# WHAT THIS TASK INVOLVES
Look below for the line with "21 Silverdale Drive — photo 22 of 40". Extract that line and each one after it through the last, word for word.

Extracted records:
-- -- --

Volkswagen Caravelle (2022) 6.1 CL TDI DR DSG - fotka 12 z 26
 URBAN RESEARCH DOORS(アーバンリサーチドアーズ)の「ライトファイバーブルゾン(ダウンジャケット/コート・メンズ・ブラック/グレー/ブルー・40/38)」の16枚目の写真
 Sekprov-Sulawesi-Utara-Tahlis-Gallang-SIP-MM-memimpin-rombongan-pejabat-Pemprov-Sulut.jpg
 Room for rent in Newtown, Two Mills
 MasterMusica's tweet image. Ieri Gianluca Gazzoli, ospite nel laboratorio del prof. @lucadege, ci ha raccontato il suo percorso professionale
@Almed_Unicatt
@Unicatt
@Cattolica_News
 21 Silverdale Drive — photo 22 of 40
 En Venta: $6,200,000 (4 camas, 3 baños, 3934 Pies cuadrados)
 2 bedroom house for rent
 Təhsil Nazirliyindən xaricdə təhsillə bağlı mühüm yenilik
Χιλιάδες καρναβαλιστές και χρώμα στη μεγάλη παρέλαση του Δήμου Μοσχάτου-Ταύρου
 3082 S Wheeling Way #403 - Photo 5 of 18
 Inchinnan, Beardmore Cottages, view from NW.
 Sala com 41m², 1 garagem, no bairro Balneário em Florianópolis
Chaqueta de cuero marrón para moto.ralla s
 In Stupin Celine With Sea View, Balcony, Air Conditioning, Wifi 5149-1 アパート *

-- -- --

# WRITTEN SOLUTION
 21 Silverdale Drive — photo 22 of 40
 En Venta: $6,200,000 (4 camas, 3 baños, 3934 Pies cuadrados)
 2 bedroom house for rent
 Təhsil Nazirliyindən xaricdə təhsillə bağlı mühüm yenilik
Χιλιάδες καρναβαλιστές και χρώμα στη μεγάλη παρέλαση του Δήμου Μοσχάτου-Ταύρου
 3082 S Wheeling Way #403 - Photo 5 of 18
 Inchinnan, Beardmore Cottages, view from NW.
 Sala com 41m², 1 garagem, no bairro Balneário em Florianópolis
Chaqueta de cuero marrón para moto.ralla s
 In Stupin Celine With Sea View, Balcony, Air Conditioning, Wifi 5149-1 アパート *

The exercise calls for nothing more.